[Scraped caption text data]
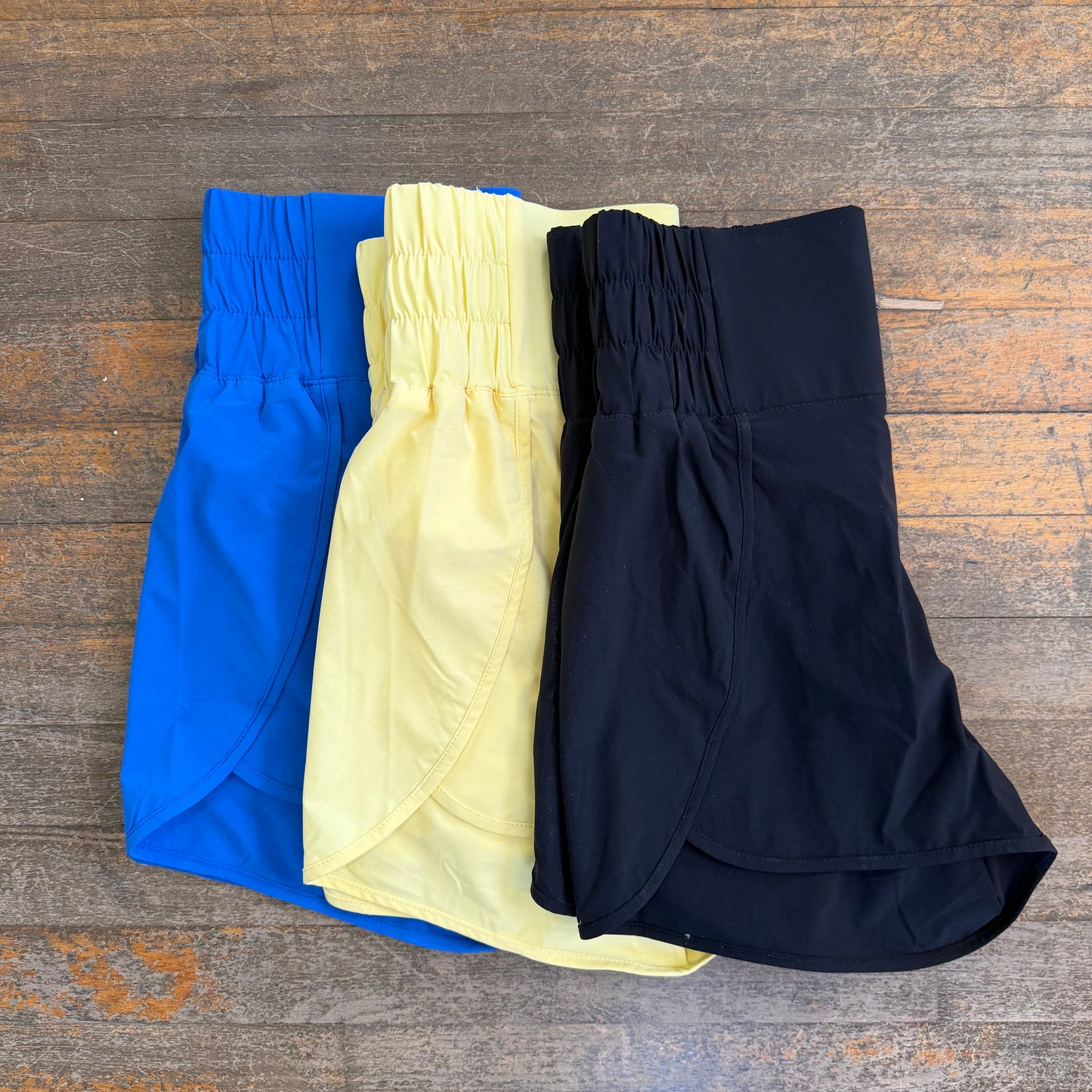 Contour Active Short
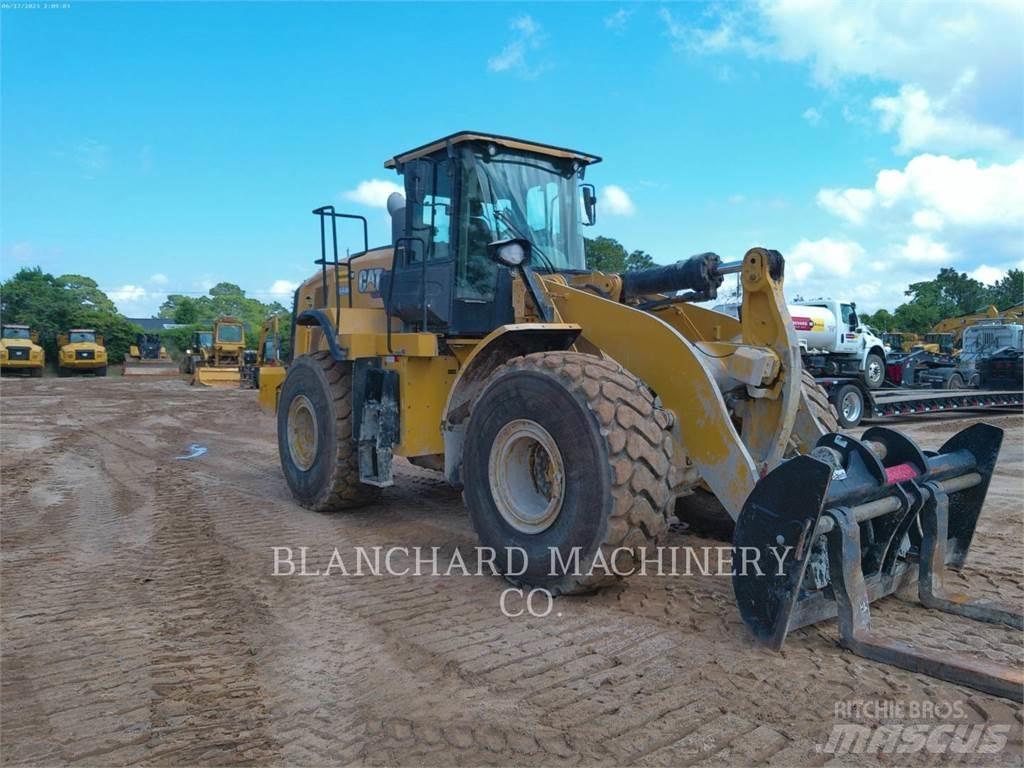 CAT 966M Фронтальные погрузчики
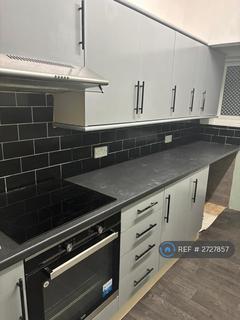 2 bedroom flat to rent, Tuckton Road, Bournemouth, BH6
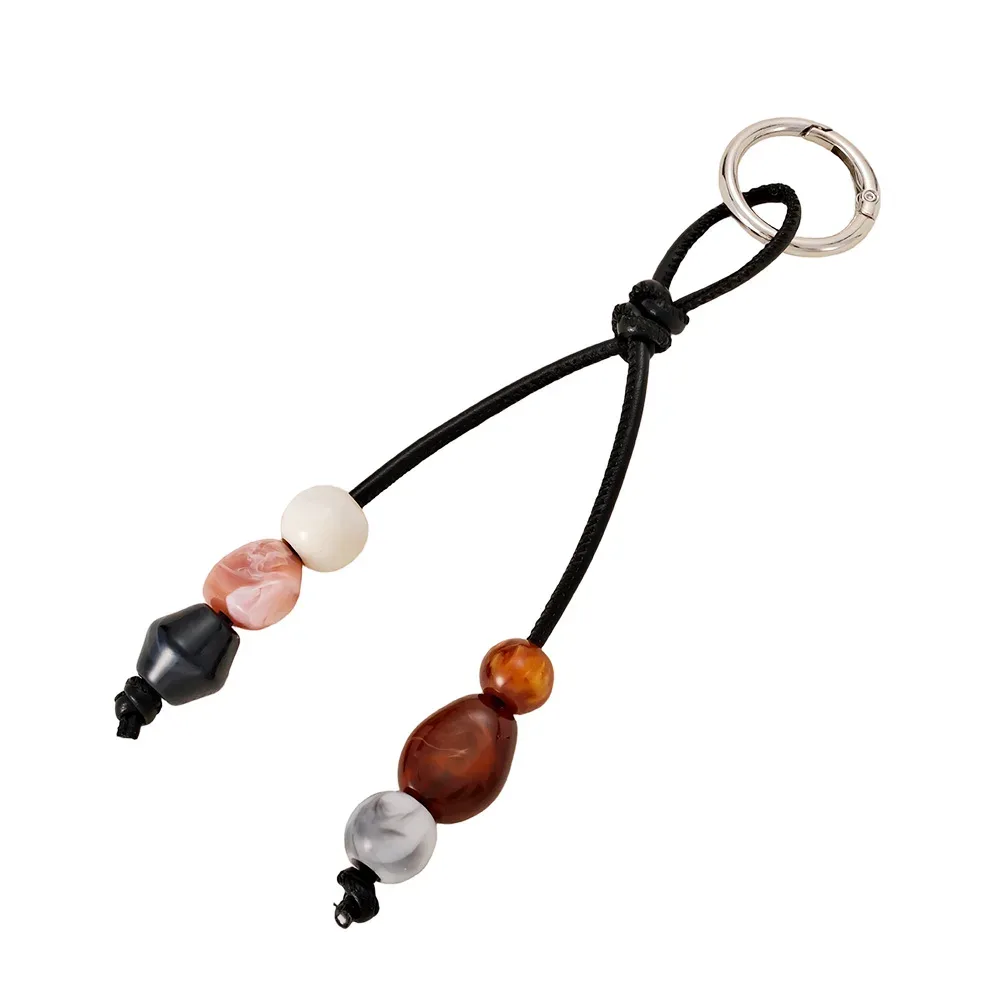 Porte-clés vintage en résine avec cordon en cuir pour homme et femme, accessoire rétro pour sac à dos, cadeau pour usage quotidien et voyage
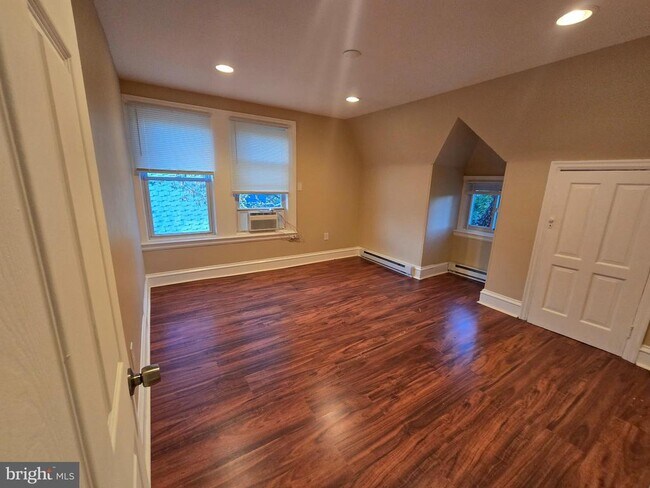 Building Photo - 133 E Mt Airy Ave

* Prompt
Beginning at the line that contains "Porte-clés vintage en", give the remaining lines of the records again exactly, through the last one. Leave out pictures.

* Answer section
 Porte-clés vintage en résine avec cordon en cuir pour homme et femme, accessoire rétro pour sac à dos, cadeau pour usage quotidien et voyage
 Building Photo - 133 E Mt Airy Ave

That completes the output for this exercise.